Dans certains cas, la détermination de l'épaisseur se fait par mesure directe du jeu. Dans d'autres cas, on amène des pièces dans une certaine position relative : réglage de distance conique. Ou encore, par essais successifs, ou par mesure d'un couple résistant à la mise en rotation : réglage "à la ficelle et au peson".
On est souvent confronté à deux problèmes :
Il est parfois possible de se procurer des rondelles : fabrication à l'unité, rondelles dites pelables (constituées d'un millefeuille que l'on épluche pour l'amener progressivement à l'épaisseur voulue).
Des rondelles de calage standard ne sont pas disponibles dans les commerces de fournitures industrielles, alors que les roulements le sont.
Exemple : la boîte de vitesses Rover LT 77.
Roulements AV
Cales de réglage
Pour mesurer l'épaisseur et le parallélisme des rondelles obtenues, le plus simple est de disposer d'un comparateur et d'une surface parfaitement plane. Le comparateur est mis à zéro sur ce plan de référence, puis la rondelle est placée sous le toucheau pour lire l'épaisseur. Mesurer au palmer ou au pied à coulisse en différents points est beaucoup moins pratique tout en semblant moins fiable.
Comme plan de référence, on peut utiliser :
Mesure d'épaisseur sur le plateau d'une perceuse
Mesure d'épaisseur sur le chariot porte outils d'un tour
Les mesures ont été faites en huit points, toujours les mêmes, grâce à un repérage et un marquage permettant d'identifier les faces et les points de mesure.
Rondelle brute
La rondelle à usiner sera collée sur un plateau lui-même serré dans les mors du tour (à gauche sur la photo ci-dessous). On pourrait aussi utiliser un plateau venant remplacer le mandrin, mais c'est bien plus long à mettre en oeuvre. Pour presser la rondelle lors du collage, c'est un grosse rondelle qui est utilisée (à droite sur la photo ci-dessous). Le guidage se fait grâce au foret ayant servi à percer les deux pièces.

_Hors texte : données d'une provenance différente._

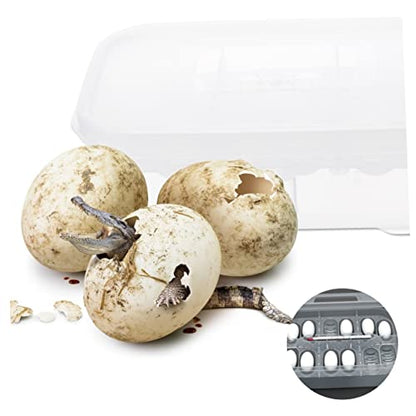 BESPORTBLE Egg Incubation Box for Reptiles Snake Gecko Incubator Trays 12 Egg Slots View Lightweight Safe for Boys and Girls
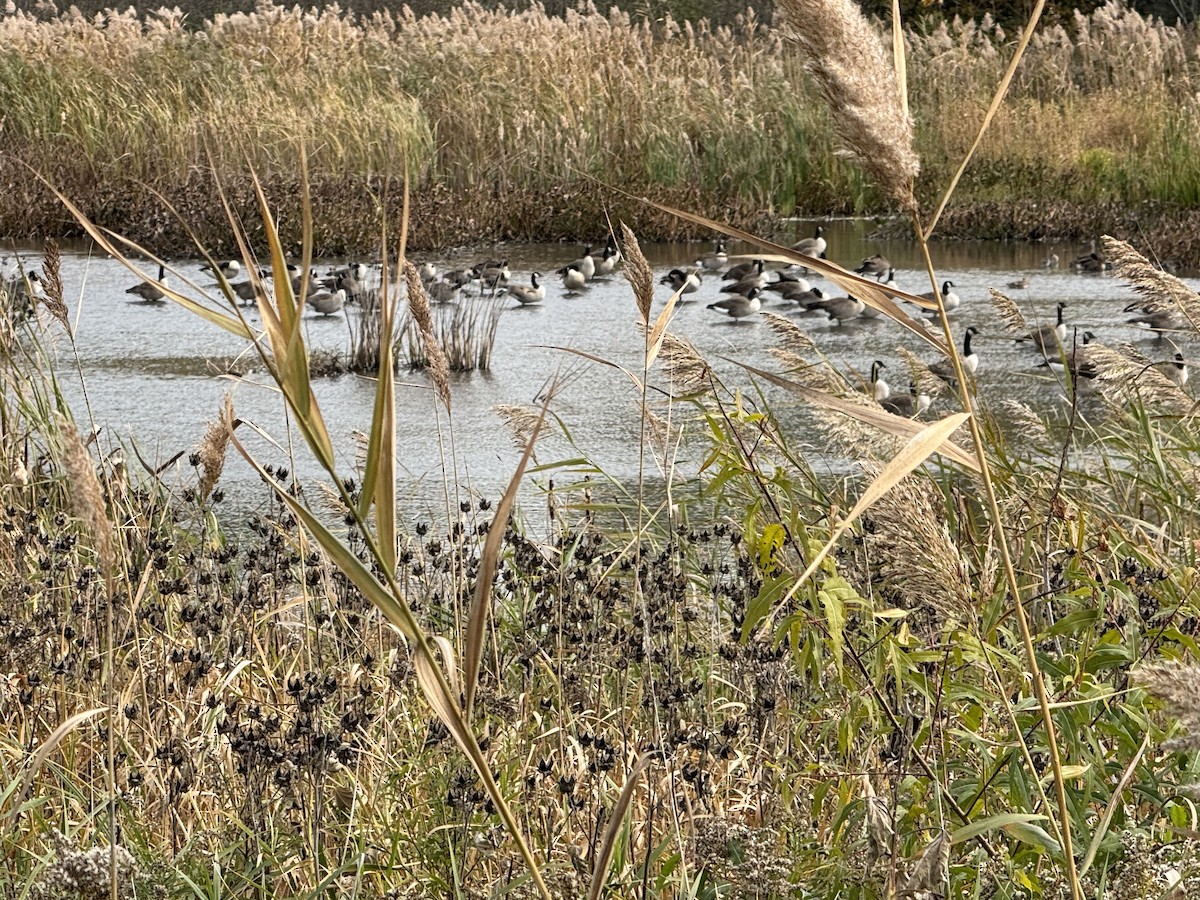 Canada Goose - ML646474028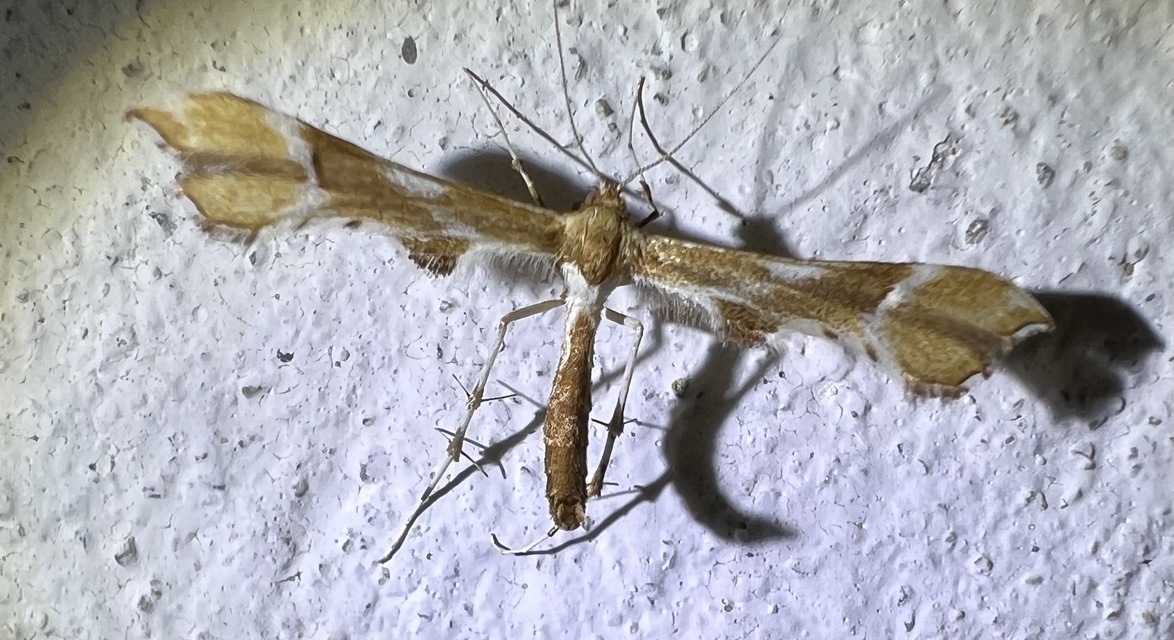 Cnaemidophorus rhododactyla - rózsabogyó-tollasmoly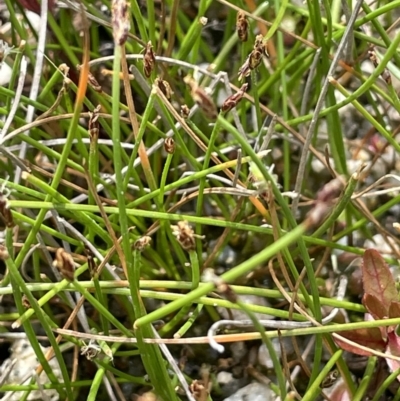 Eleocharis gracilis (Slender Spike-rush) at Namadgi National Park - 12 Nov 2023 by JaneR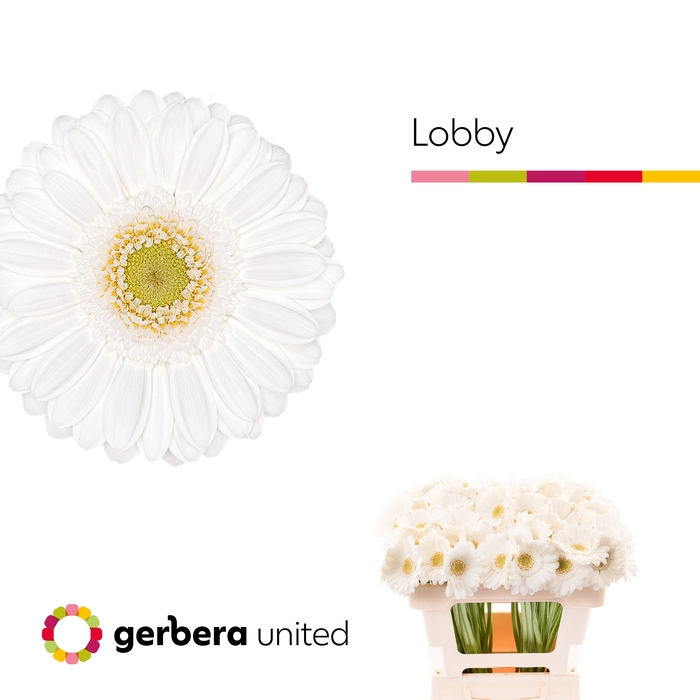 <h4>Germini Lobby Water</h4>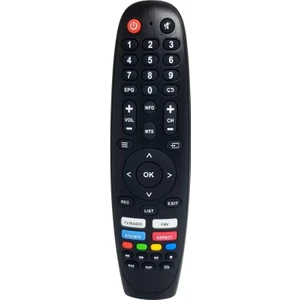 Dıjıtsu Android LED Tv Kumanda - Ses Komutsuz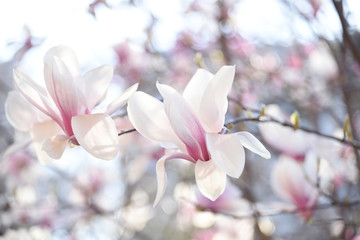 Huge pink magnolia flowers close-up on a dark background of a natural garden. Lush petals with magnificent flowering.
Delicate pink magnolia flowers on a branch in soft sunlight. a very delicate pink 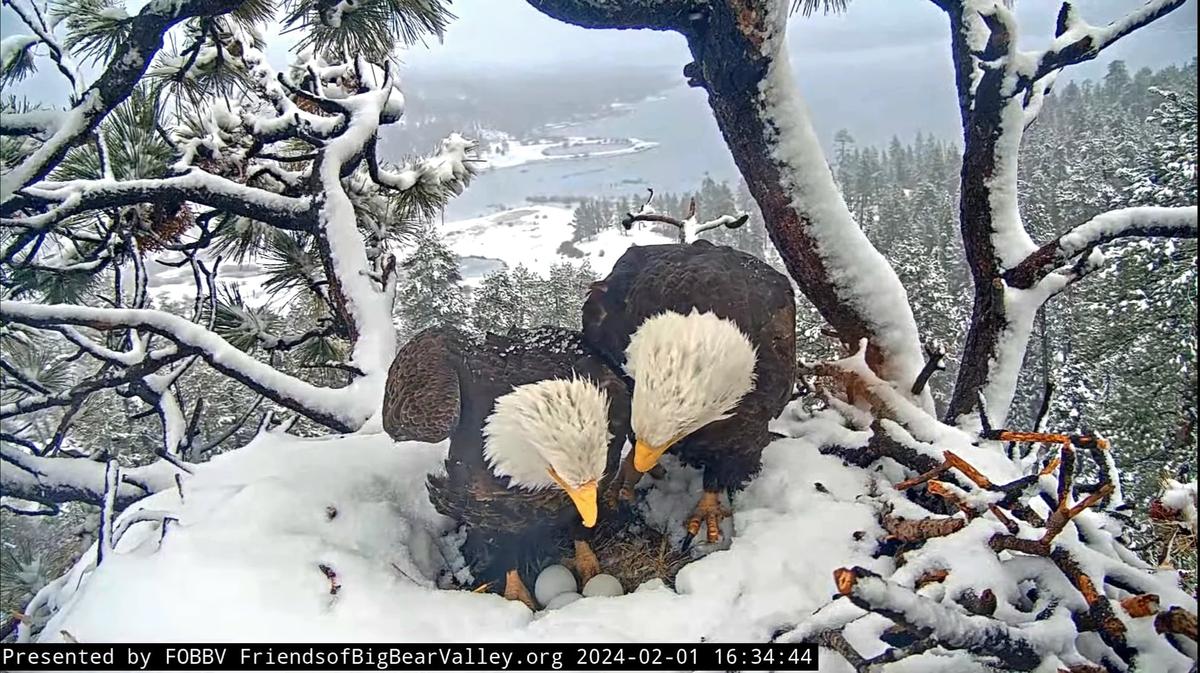 (Courtesy of Big Bear Valley and Big Bear Eagle Nest Cam)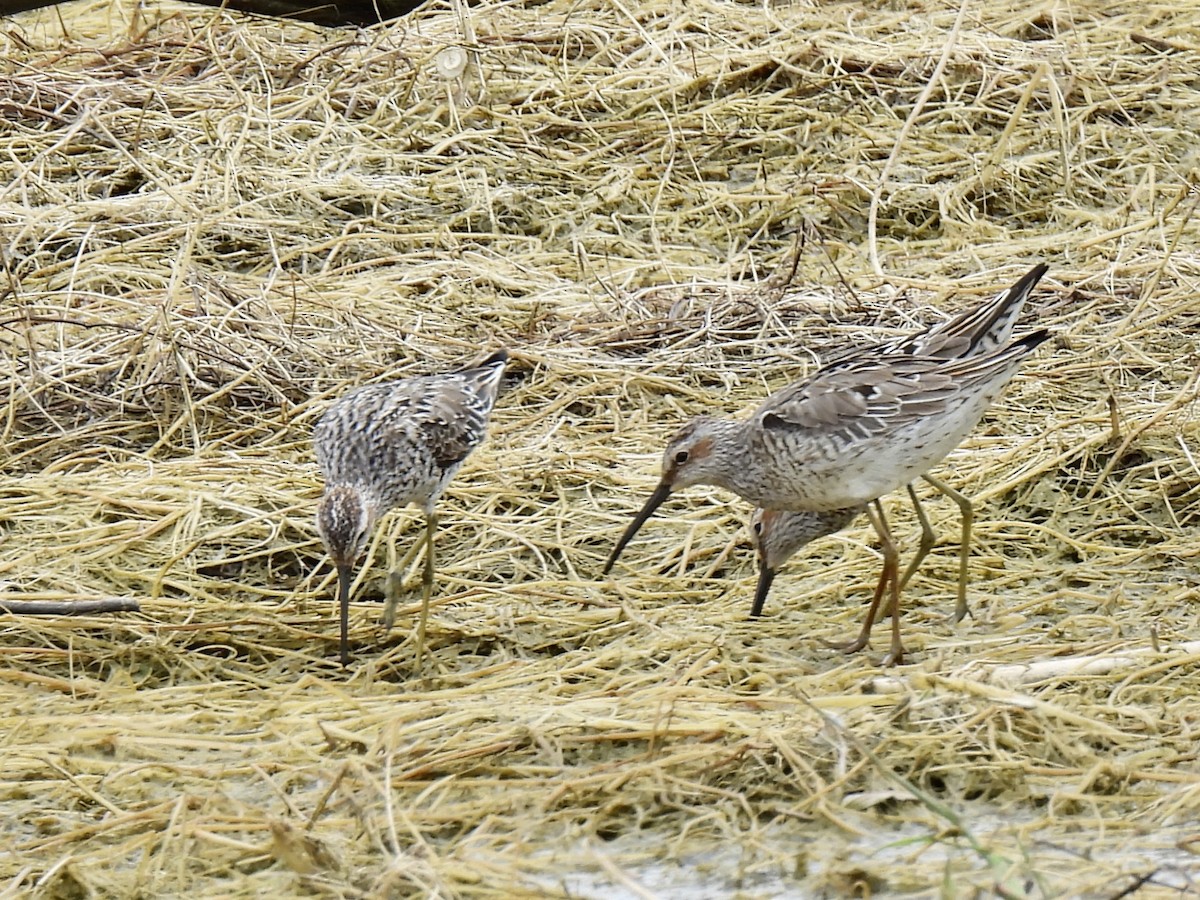 Stilt Sandpiper - ML619213943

La pièce située à gauche sur la photo est le plateau tournant, et celle de droite est un presseur permettant de transférer la rondelle à préparer sur le plateau.
Accessoires d'usinage
Il faut aussi pouvoir mesurer en cours d'usinage. Un support de comparateur permettant de fixer ce dernier à la tourelle porte-outils. Une tôle d'acier de 5 à 10 mm découpée (à dessiner en fonction du tour), un axe pouvant recevoir la bride de fixation du comparateur, et le tour est joué.
Support de comparateur
Le comparateur sur son support
L'ensemble en place, avant usinage
(les repères doivent être recopiés sur le plateau
et la tranche de la rondelle )
Trois possibilités :
Dans le premier cas, on peut passer directement à l'étape suivante. Dans le deuxième, dresser ll'extrémité avant chaque tronçonnage fournit la surface nécessaire au collage sur le plateau. On peut donc également passer à la suite.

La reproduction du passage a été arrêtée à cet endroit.